** DATA EXTRACT follows **
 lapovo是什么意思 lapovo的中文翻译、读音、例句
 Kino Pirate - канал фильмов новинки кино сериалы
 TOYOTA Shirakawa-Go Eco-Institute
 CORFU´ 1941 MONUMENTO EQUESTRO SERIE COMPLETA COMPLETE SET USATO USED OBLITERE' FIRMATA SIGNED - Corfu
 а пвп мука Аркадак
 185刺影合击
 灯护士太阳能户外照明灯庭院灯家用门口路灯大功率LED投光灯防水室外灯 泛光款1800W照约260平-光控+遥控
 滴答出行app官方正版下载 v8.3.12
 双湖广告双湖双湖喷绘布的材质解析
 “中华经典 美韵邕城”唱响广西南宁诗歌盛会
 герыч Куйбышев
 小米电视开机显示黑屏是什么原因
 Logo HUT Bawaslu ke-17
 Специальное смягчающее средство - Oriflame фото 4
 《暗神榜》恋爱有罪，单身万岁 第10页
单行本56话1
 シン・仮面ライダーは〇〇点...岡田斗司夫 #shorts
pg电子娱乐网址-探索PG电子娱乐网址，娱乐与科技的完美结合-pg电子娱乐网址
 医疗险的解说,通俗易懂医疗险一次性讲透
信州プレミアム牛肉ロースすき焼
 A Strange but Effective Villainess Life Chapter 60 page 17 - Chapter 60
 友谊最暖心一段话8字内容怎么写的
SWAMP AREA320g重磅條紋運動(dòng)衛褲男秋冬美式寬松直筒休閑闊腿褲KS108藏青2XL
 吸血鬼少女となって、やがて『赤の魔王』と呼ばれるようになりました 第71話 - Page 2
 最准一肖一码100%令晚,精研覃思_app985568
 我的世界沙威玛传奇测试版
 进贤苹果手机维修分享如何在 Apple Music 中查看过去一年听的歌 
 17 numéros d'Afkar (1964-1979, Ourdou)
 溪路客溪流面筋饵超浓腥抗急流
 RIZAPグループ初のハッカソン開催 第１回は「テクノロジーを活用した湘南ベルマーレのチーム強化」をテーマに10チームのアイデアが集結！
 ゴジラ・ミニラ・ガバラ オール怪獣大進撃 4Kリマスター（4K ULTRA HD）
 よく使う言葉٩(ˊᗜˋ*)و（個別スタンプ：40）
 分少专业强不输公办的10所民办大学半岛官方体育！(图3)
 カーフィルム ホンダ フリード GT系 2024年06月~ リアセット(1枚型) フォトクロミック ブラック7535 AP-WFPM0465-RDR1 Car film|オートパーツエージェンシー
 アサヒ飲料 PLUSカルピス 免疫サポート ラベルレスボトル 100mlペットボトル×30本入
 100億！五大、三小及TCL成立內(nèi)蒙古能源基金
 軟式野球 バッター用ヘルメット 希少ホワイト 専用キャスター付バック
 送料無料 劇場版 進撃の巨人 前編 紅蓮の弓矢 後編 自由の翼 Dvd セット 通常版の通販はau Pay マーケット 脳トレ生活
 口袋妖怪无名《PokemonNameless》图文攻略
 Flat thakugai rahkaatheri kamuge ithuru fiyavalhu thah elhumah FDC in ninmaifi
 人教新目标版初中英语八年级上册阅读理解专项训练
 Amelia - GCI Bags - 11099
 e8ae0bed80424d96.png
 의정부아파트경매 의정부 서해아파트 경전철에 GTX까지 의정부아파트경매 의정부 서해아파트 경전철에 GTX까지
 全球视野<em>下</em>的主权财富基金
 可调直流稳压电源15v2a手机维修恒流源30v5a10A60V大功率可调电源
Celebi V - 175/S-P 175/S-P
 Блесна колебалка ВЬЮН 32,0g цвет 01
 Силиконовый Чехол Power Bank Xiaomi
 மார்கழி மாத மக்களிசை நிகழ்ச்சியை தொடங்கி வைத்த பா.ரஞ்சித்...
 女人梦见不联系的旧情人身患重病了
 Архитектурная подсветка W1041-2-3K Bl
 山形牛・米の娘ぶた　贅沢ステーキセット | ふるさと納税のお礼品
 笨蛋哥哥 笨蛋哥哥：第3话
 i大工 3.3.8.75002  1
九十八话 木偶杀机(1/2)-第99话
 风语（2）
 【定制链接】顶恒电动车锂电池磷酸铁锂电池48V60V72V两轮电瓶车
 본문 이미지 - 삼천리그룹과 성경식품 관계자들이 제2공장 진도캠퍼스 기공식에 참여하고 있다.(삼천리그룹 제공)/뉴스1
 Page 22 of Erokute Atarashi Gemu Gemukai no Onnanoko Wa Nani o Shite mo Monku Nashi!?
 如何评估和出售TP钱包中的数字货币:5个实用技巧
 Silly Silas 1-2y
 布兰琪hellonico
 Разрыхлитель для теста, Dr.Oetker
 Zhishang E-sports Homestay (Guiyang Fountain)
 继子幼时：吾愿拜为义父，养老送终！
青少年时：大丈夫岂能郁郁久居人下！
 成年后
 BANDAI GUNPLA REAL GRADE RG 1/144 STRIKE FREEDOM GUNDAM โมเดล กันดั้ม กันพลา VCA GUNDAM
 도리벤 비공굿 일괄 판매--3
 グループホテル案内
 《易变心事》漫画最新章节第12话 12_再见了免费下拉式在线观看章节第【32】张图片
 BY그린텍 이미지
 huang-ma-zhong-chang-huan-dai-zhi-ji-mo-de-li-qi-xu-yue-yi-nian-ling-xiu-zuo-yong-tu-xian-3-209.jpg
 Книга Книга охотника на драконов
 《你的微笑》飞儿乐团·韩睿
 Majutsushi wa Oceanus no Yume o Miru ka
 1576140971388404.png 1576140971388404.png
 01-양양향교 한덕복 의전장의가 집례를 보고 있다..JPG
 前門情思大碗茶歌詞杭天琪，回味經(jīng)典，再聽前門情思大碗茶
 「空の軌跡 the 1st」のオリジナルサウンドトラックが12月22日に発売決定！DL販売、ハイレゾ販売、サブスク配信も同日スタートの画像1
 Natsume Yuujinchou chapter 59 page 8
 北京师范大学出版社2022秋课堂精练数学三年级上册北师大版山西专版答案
** End of DATA EXTRACT **
If a line comes after the one that contains "Celebi V - 175/S-P 175/S-P", leave it out; return every line of the entries up to that point exactly, starting with the first, with that line included.

 lapovo是什么意思 lapovo的中文翻译、读音、例句
 Kino Pirate - канал фильмов новинки кино сериалы
 TOYOTA Shirakawa-Go Eco-Institute
 CORFU´ 1941 MONUMENTO EQUESTRO SERIE COMPLETA COMPLETE SET USATO USED OBLITERE' FIRMATA SIGNED - Corfu
 а пвп мука Аркадак
 185刺影合击
 灯护士太阳能户外照明灯庭院灯家用门口路灯大功率LED投光灯防水室外灯 泛光款1800W照约260平-光控+遥控
 滴答出行app官方正版下载 v8.3.12
 双湖广告双湖双湖喷绘布的材质解析
 “中华经典 美韵邕城”唱响广西南宁诗歌盛会
 герыч Куйбышев
 小米电视开机显示黑屏是什么原因
 Logo HUT Bawaslu ke-17
 Специальное смягчающее средство - Oriflame фото 4
 《暗神榜》恋爱有罪，单身万岁 第10页
单行本56话1
 シン・仮面ライダーは〇〇点...岡田斗司夫 #shorts
pg电子娱乐网址-探索PG电子娱乐网址，娱乐与科技的完美结合-pg电子娱乐网址
 医疗险的解说,通俗易懂医疗险一次性讲透
信州プレミアム牛肉ロースすき焼
 A Strange but Effective Villainess Life Chapter 60 page 17 - Chapter 60
 友谊最暖心一段话8字内容怎么写的
SWAMP AREA320g重磅條紋運動(dòng)衛褲男秋冬美式寬松直筒休閑闊腿褲KS108藏青2XL
 吸血鬼少女となって、やがて『赤の魔王』と呼ばれるようになりました 第71話 - Page 2
 最准一肖一码100%令晚,精研覃思_app985568
 我的世界沙威玛传奇测试版
 进贤苹果手机维修分享如何在 Apple Music 中查看过去一年听的歌 
 17 numéros d'Afkar (1964-1979, Ourdou)
 溪路客溪流面筋饵超浓腥抗急流
 RIZAPグループ初のハッカソン開催 第１回は「テクノロジーを活用した湘南ベルマーレのチーム強化」をテーマに10チームのアイデアが集結！
 ゴジラ・ミニラ・ガバラ オール怪獣大進撃 4Kリマスター（4K ULTRA HD）
 よく使う言葉٩(ˊᗜˋ*)و（個別スタンプ：40）
 分少专业强不输公办的10所民办大学半岛官方体育！(图3)
 カーフィルム ホンダ フリード GT系 2024年06月~ リアセット(1枚型) フォトクロミック ブラック7535 AP-WFPM0465-RDR1 Car film|オートパーツエージェンシー
 アサヒ飲料 PLUSカルピス 免疫サポート ラベルレスボトル 100mlペットボトル×30本入
 100億！五大、三小及TCL成立內(nèi)蒙古能源基金
 軟式野球 バッター用ヘルメット 希少ホワイト 専用キャスター付バック
 送料無料 劇場版 進撃の巨人 前編 紅蓮の弓矢 後編 自由の翼 Dvd セット 通常版の通販はau Pay マーケット 脳トレ生活
 口袋妖怪无名《PokemonNameless》图文攻略
 Flat thakugai rahkaatheri kamuge ithuru fiyavalhu thah elhumah FDC in ninmaifi
 人教新目标版初中英语八年级上册阅读理解专项训练
 Amelia - GCI Bags - 11099
 e8ae0bed80424d96.png
 의정부아파트경매 의정부 서해아파트 경전철에 GTX까지 의정부아파트경매 의정부 서해아파트 경전철에 GTX까지
 全球视野<em>下</em>的主权财富基金
 可调直流稳压电源15v2a手机维修恒流源30v5a10A60V大功率可调电源
Celebi V - 175/S-P 175/S-P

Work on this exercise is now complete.